I sing the opening bars to the
Mexican Hat Dance
to make him laugh.

Dan says, “No, no, no; we're fucking Americans; Texans next, godammit. We like our barbecues and beers and the cowboys and boxing.” Hear, hear. And our drugs. I think Dan's overdoing the Vicodin as well, but I'm not in charge of his life. And I don't know it right now, but he's also made the decision to change this around, but we haven't talked about it yet. I'm on the verge of weeping because Kris Kristofferson is now singing about his “Sunday Morning Coming Down,” and because it's been lonely out here, in between our own lives, slipping in between the streams of other people's lives, where I thought I really wanted to be.

Later on, I find a bottle of something that looked suspiciously like liquor in the fridge, with a label written in a foreign form of Spanish. It was a gift from Alex, from his travels in El Salvador, something called
aguardiente
. It's odorless, almost tasteless if it wasn't for the flavor of your own soft palate dissolving while it strips away your tongue. Dan pours out a couple of shots and down the hatch they go: We drink a toast to
Dances with Whiskey
and another to Luther, Alex's fictional black boyfriend.

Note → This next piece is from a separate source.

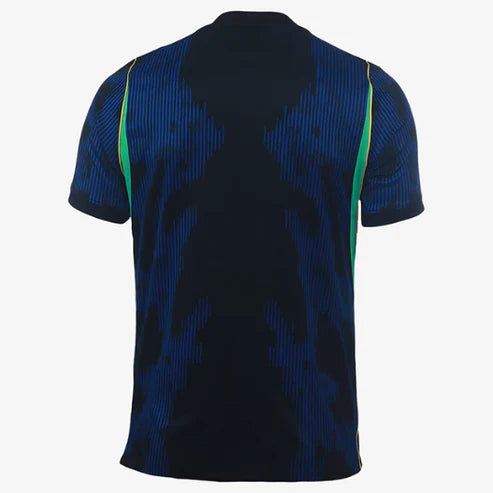 Jersey Brazil Away 2026/27 Player Version Nike Jordan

Maybe it's a sort of withdrawal I'm feeling. It's too beautiful an evening to feel this weepy. I can see north all the way to Crown Hill, see Mount Baker in the distance looking like a musky ice cube in the reddening dusk at ten o'clock that night. It took us a long time to adjust to the summers here, the eighteen-hour daylight around the solstice. Dan decides he wants to play the Guns and Roses album,
Appetite for Destruction
. I am nothing if not a sucker for nostalgia, so I say, “Sure,” and I giggle all the way through the first couple tracks, remembering the meteoric impact this album had when it hit Brownsville. Dan had enlisted in the army that next year, ended up in Korea, and he'd played this album nonstop while on duty guarding the demilitarized zone, he tells me. The idea of Dan in that position, of Dan listening to “Mr. Brownstone” with a loaded M16, staving off the yella horde, the idea scares me, frankly. Saving Texas from Tojo.

The sun is finally going down, at nearly eleven o'clock. We're going to watch
Raiders of the Lost Ark
and yell out Harrison Ford's lines before he says them, like we do.